This fascinating and fabulous volume by Wedeman seeks to address the question of how rapid economic development and widespread corruption can coexist in China. Wedeman introduces readers to the double paradox of corruption and growth in post-Mao China, examines developmental corruption in South Korea and Taiwan, demonstrates how endemic corruption led to economic crises in several other countries, discusses the sequencing of corruption and growth, probes the dynamic consequences of the commodification of China's economy, looks into the impact of the authorities' ongoing war on corruption, and compares today's China with the U.S. in the 19th and early 20th centuries and asks whether China's case may serve as a precedent for the coexistence of high levels of corruption and rapid economic growth. -Choice (October 2012)
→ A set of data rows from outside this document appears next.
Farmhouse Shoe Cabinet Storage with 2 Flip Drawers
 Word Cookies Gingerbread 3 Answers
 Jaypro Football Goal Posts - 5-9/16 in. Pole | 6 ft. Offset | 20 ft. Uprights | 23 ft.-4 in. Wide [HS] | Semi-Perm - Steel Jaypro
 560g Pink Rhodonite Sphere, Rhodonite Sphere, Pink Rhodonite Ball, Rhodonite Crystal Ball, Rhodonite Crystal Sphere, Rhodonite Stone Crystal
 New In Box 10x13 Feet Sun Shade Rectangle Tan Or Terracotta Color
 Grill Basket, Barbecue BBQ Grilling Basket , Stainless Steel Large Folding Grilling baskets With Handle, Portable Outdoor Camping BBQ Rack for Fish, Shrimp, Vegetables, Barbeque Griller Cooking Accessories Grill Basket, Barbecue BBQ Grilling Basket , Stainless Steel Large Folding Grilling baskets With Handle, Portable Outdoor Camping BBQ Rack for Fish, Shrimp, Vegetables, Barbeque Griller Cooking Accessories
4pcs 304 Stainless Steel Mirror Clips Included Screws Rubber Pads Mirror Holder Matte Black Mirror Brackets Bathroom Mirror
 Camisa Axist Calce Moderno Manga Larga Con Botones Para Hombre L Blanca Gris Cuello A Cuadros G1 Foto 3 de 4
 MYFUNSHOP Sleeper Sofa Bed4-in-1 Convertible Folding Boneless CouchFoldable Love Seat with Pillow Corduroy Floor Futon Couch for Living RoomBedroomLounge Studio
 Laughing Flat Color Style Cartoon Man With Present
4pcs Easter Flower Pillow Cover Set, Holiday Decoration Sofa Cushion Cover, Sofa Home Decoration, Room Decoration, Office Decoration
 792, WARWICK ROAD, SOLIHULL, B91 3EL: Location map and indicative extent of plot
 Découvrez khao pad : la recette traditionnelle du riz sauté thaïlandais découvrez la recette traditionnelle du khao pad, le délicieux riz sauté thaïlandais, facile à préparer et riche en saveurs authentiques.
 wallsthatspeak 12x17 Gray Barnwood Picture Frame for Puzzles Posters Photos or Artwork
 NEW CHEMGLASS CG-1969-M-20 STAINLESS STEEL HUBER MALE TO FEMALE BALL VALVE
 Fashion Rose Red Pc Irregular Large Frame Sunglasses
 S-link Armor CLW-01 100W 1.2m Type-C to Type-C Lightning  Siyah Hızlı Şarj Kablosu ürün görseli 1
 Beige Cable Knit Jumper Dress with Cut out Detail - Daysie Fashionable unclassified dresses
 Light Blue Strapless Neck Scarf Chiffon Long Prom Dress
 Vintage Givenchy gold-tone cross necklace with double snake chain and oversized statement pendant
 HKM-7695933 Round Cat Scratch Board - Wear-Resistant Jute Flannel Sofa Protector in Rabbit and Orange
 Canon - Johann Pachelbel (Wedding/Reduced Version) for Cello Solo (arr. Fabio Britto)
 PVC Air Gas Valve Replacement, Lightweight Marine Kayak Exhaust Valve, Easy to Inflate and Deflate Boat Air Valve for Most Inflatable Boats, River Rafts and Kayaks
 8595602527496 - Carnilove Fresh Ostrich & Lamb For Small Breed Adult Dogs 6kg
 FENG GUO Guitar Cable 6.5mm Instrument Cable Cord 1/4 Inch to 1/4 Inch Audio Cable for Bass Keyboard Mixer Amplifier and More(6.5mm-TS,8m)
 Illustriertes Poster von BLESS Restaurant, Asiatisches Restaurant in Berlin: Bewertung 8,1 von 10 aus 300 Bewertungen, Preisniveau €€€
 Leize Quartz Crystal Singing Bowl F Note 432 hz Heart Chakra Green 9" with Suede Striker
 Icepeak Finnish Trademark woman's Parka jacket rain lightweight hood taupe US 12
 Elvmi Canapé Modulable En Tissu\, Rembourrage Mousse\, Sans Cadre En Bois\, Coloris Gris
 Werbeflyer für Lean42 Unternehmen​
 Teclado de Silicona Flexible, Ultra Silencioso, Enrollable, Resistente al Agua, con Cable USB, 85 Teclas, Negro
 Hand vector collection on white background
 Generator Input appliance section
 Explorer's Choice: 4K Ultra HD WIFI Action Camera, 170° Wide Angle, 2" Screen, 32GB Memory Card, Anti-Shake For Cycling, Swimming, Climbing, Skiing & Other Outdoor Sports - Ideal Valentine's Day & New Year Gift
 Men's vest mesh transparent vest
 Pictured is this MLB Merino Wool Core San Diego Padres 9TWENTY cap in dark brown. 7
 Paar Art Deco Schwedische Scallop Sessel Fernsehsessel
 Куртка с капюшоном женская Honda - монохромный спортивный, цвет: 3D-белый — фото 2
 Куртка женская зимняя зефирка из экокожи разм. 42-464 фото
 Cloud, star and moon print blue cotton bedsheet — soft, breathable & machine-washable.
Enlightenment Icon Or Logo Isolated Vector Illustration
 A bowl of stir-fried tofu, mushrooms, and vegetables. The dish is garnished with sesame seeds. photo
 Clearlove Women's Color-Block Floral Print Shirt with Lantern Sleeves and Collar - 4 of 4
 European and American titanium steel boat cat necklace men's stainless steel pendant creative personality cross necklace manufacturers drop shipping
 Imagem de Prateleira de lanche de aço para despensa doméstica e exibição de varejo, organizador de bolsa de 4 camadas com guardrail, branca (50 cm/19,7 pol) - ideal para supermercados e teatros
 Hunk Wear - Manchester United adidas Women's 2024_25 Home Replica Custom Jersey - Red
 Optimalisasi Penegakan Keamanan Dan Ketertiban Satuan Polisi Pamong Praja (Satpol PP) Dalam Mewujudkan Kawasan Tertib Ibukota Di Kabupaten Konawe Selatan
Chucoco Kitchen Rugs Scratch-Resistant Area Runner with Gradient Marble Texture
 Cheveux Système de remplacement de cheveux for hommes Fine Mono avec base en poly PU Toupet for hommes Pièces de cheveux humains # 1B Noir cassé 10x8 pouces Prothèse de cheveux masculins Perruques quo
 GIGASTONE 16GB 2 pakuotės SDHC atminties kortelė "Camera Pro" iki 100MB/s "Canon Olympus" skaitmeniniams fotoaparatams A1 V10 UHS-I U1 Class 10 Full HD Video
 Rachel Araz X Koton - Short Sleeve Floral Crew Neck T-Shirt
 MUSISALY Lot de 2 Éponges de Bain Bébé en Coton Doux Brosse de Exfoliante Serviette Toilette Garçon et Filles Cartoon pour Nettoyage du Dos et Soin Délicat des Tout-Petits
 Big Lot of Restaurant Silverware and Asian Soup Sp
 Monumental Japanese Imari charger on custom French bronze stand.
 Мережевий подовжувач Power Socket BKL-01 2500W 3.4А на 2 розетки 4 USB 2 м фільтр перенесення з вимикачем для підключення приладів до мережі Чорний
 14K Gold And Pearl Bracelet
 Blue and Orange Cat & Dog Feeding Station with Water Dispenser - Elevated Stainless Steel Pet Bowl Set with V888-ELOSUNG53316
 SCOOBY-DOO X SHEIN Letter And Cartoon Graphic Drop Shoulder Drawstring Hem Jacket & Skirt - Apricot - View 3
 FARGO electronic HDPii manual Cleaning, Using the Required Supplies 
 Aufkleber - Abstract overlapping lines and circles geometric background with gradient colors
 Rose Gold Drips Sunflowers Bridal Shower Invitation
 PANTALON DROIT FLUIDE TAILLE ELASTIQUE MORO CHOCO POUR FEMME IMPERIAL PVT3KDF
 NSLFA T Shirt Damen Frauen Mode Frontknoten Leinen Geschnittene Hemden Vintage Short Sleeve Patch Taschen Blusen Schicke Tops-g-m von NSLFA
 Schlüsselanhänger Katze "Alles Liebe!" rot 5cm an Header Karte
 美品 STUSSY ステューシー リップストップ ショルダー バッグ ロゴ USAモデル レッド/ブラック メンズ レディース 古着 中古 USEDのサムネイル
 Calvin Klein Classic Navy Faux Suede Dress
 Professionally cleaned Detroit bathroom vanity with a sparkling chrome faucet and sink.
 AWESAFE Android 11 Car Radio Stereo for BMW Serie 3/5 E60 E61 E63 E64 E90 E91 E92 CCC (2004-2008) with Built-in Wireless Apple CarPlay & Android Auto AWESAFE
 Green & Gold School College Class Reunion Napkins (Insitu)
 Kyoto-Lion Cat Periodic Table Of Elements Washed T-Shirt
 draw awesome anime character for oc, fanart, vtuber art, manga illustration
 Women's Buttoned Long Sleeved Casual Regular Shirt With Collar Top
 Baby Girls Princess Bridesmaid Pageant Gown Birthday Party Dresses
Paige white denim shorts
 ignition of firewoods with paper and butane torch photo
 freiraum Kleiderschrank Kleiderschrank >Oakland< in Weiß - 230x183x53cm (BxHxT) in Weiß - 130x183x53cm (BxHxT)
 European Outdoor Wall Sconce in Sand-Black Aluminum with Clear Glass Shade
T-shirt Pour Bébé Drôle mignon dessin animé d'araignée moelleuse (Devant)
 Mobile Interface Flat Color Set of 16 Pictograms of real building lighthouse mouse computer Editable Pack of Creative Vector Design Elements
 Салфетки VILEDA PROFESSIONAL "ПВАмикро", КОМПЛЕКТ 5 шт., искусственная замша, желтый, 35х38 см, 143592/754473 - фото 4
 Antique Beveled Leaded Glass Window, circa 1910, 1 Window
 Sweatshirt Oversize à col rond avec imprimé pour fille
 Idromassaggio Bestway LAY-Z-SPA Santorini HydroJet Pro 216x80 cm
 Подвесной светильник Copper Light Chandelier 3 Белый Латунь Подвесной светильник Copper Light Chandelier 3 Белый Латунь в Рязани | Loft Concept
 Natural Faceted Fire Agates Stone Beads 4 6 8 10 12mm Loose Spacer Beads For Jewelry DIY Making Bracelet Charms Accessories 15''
The central question of Double Paradox-how rapid economic development and widespread corruption coexist in China-is of major importance. Andrew Wedeman explains that the sequence of events is complex and worth careful scrutiny; there is considerable dynamism and simultaneity in any corruption/development relationship. By the end of Wedeman's book, we have learned a great deal about China, about the possible links between corruption and economic development, and about how to frame the questions we wish to investigate in China and in other societies in which corruption is extensive. -Michael Johnston, Charles A. Dana Professor of Political Science, Colgate University, author of Syndromes of Corruption

Author Bio
Andrew Wedeman is Professor of Political Science at the University of Nebraska-Lincoln. He is the author of From Mao to Market: Rent Seeking, Local Protectionism, and Marketization in China and The East Wind Subsides: Chinese Foreign Policy and the Origins of the Cultural Revolution.